Recorded data
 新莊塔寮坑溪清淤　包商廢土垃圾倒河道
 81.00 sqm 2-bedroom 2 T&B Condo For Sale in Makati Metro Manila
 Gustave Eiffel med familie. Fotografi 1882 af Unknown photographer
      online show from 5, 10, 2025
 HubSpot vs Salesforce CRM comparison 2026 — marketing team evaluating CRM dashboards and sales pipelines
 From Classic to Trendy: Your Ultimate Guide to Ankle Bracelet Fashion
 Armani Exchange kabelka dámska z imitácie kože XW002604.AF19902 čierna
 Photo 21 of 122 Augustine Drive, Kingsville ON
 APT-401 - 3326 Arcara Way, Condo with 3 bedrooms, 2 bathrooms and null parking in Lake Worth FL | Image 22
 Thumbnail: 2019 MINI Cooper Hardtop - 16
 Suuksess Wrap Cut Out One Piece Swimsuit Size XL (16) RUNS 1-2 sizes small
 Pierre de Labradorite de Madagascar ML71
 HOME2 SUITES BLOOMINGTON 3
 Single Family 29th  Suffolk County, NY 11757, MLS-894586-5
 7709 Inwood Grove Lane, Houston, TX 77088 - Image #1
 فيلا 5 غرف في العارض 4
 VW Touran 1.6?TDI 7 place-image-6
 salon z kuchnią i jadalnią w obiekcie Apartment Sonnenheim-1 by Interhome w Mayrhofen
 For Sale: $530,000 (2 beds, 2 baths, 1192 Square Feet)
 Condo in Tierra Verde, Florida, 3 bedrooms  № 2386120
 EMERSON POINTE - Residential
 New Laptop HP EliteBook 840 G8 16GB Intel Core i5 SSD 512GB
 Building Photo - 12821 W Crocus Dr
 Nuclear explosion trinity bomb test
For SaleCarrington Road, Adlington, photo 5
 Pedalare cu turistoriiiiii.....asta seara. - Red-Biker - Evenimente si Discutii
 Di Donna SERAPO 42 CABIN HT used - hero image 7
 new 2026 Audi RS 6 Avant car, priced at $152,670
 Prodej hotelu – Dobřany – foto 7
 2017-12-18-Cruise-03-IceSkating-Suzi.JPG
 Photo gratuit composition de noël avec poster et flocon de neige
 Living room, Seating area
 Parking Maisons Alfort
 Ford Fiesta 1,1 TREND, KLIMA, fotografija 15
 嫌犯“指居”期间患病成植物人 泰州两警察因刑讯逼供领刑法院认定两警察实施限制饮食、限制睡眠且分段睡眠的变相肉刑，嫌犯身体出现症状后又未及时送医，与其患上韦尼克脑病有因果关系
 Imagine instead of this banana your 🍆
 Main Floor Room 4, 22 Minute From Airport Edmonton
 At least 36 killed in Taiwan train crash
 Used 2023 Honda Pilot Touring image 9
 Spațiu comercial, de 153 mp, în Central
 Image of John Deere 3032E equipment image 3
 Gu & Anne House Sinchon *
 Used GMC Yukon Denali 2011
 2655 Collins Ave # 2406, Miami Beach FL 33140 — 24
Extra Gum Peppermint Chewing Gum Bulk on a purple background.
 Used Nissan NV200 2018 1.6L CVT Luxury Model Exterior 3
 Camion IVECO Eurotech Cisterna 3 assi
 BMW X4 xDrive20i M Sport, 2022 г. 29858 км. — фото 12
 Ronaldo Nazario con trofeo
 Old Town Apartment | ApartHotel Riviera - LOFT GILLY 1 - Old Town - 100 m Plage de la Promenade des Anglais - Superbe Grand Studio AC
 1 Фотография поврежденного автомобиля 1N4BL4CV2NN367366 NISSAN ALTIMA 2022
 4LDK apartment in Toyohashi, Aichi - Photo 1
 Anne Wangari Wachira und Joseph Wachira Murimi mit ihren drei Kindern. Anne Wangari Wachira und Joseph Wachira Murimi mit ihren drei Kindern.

§ Task prompt: What is needed is a faithful transcription of every entry.

§ Solution to this task:
 新莊塔寮坑溪清淤　包商廢土垃圾倒河道
 81.00 sqm 2-bedroom 2 T&B Condo For Sale in Makati Metro Manila
 Gustave Eiffel med familie. Fotografi 1882 af Unknown photographer
      online show from 5, 10, 2025
 HubSpot vs Salesforce CRM comparison 2026 — marketing team evaluating CRM dashboards and sales pipelines
 From Classic to Trendy: Your Ultimate Guide to Ankle Bracelet Fashion
 Armani Exchange kabelka dámska z imitácie kože XW002604.AF19902 čierna
 Photo 21 of 122 Augustine Drive, Kingsville ON
 APT-401 - 3326 Arcara Way, Condo with 3 bedrooms, 2 bathrooms and null parking in Lake Worth FL | Image 22
 Thumbnail: 2019 MINI Cooper Hardtop - 16
 Suuksess Wrap Cut Out One Piece Swimsuit Size XL (16) RUNS 1-2 sizes small
 Pierre de Labradorite de Madagascar ML71
 HOME2 SUITES BLOOMINGTON 3
 Single Family 29th  Suffolk County, NY 11757, MLS-894586-5
 7709 Inwood Grove Lane, Houston, TX 77088 - Image #1
 فيلا 5 غرف في العارض 4
 VW Touran 1.6?TDI 7 place-image-6
 salon z kuchnią i jadalnią w obiekcie Apartment Sonnenheim-1 by Interhome w Mayrhofen
 For Sale: $530,000 (2 beds, 2 baths, 1192 Square Feet)
 Condo in Tierra Verde, Florida, 3 bedrooms  № 2386120
 EMERSON POINTE - Residential
 New Laptop HP EliteBook 840 G8 16GB Intel Core i5 SSD 512GB
 Building Photo - 12821 W Crocus Dr
 Nuclear explosion trinity bomb test
For SaleCarrington Road, Adlington, photo 5
 Pedalare cu turistoriiiiii.....asta seara. - Red-Biker - Evenimente si Discutii
 Di Donna SERAPO 42 CABIN HT used - hero image 7
 new 2026 Audi RS 6 Avant car, priced at $152,670
 Prodej hotelu – Dobřany – foto 7
 2017-12-18-Cruise-03-IceSkating-Suzi.JPG
 Photo gratuit composition de noël avec poster et flocon de neige
 Living room, Seating area
 Parking Maisons Alfort
 Ford Fiesta 1,1 TREND, KLIMA, fotografija 15
 嫌犯“指居”期间患病成植物人 泰州两警察因刑讯逼供领刑法院认定两警察实施限制饮食、限制睡眠且分段睡眠的变相肉刑，嫌犯身体出现症状后又未及时送医，与其患上韦尼克脑病有因果关系
 Imagine instead of this banana your 🍆
 Main Floor Room 4, 22 Minute From Airport Edmonton
 At least 36 killed in Taiwan train crash
 Used 2023 Honda Pilot Touring image 9
 Spațiu comercial, de 153 mp, în Central
 Image of John Deere 3032E equipment image 3
 Gu & Anne House Sinchon *
 Used GMC Yukon Denali 2011
 2655 Collins Ave # 2406, Miami Beach FL 33140 — 24
Extra Gum Peppermint Chewing Gum Bulk on a purple background.
 Used Nissan NV200 2018 1.6L CVT Luxury Model Exterior 3
 Camion IVECO Eurotech Cisterna 3 assi
 BMW X4 xDrive20i M Sport, 2022 г. 29858 км. — фото 12
 Ronaldo Nazario con trofeo
 Old Town Apartment | ApartHotel Riviera - LOFT GILLY 1 - Old Town - 100 m Plage de la Promenade des Anglais - Superbe Grand Studio AC
 1 Фотография поврежденного автомобиля 1N4BL4CV2NN367366 NISSAN ALTIMA 2022
 4LDK apartment in Toyohashi, Aichi - Photo 1
 Anne Wangari Wachira und Joseph Wachira Murimi mit ihren drei Kindern. Anne Wangari Wachira und Joseph Wachira Murimi mit ihren drei Kindern.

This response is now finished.